The ELIDZ has attracted R 3.7 billion worth of investment since it secured its first investor in 2005. To date 30 investors have been secured with 22 of these already operational in the zone. Five other investors are either constructing or commissioning their plants in the zone.
“The impact, however, is wider than just the zone. To date we have awarded R928 million worth of contracts to BBBEE enterprises and R281 million worth to qualifying SMMEs. We have transacted with more than 200 local companies with since inception and for us this indicates the extent to which we have extended our reach as a government entity,” said Kondlo.
The ELIDZ has also created various learnership opportunities and through its eMonti Science and Technology Park initiative is currently incubating over 75 small businesses in various sectors.
“In the initial days, our biggest challenge was to diversify the local economy which was dominated by the automotive sector. Today I am proud to say that – this too has been achieved. We currently have a number of sector manufacturing activity including agro-processing, aquaculture, mineral beneficiation, ICT and BPO as well as Transport and Logistics,” said Kondlo.
According to Kondlo, the journey has also had its few challenges. Amongst these has been the inadequate design and delivery of effective and legitimate enabling policy instruments to deliver real incentives for the IDZ programme.
There are currently no IDZ specific incentives and the only incentive which was linked to the IDZs was the Customs Controlled Area (CCA) benefit.
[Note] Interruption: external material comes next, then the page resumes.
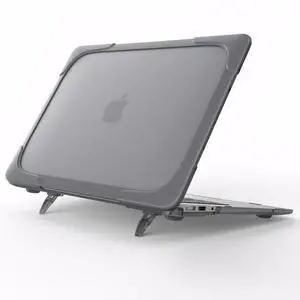 LJFLYXRI Enhanced Protection Case Compatible with MacBook Pro 14 Inch 2024-2021 [Model: A3112 A3185 A3401 A2918 A2992 A2779 A2442], Heavy Duty Rugged Shockproof Protective Cover (Grey)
Unfortunately this benefit , by last year, had still not been operationalised since inception due to a number of policy and operational issues between the various government stakeholders involved.
“The ELIDZ has played a pivotal role in the redesign and implementation of this incentive in partnership with SARS’s customs and excise unit and in 2011/12, we became the first IDZ to have a CCA pilot status and we are looking to consolidate this incentive and ensure maximum industry benefit from it,” he said.
Kondlo said these challenges made the mandate of South African front-runner IDZs, almost impossible. “There is a lot of criticism on the slow take off of the current IDZ and while the criticism is valid, it becomes important to note that very few IDZs globally have had to operate without incentives and enabling legislative framework,” he said.
According to Kondlo, since the conceptualisation of the South African IDZ programme, the ELIDZ has become somewhat of a pioneer, walking with government in shaping the policy environment based on the practical lessons that have been learnt from interacting with investors.
“This pioneering role, however, has its disadvantages as well, including the inability to observe others’ mistakes or taking note of their precedents for success,” he said.
“We are hopeful that current discussions led by the Department of Trade and Industry, aimed at improving the legislative framework of Special Economic Zones within which the IDZs are categorized , will assist in increasing our competitiveness and as such accelerate our pace of attracting and bedding down investment for the zone,” he said.
He added that the proposed SEZ Bill was the first attempt at establishing a legislative framework that goes beyond the tenuous association with the Manufacturing Development Act. The proposed legislation recognises the need for both export-oriented zones that, like the ELIDZ, are linked to a port, and for inland zones, which are focused on niched outputs.
“By creating the necessary policies, setting in place proper legislative parameters, defining the required resources and garnering the support of parastatals and delivery agencies, government will have established the undiluted legitimacy of IDZs that is required to make us competitive,” Kondlo concluded.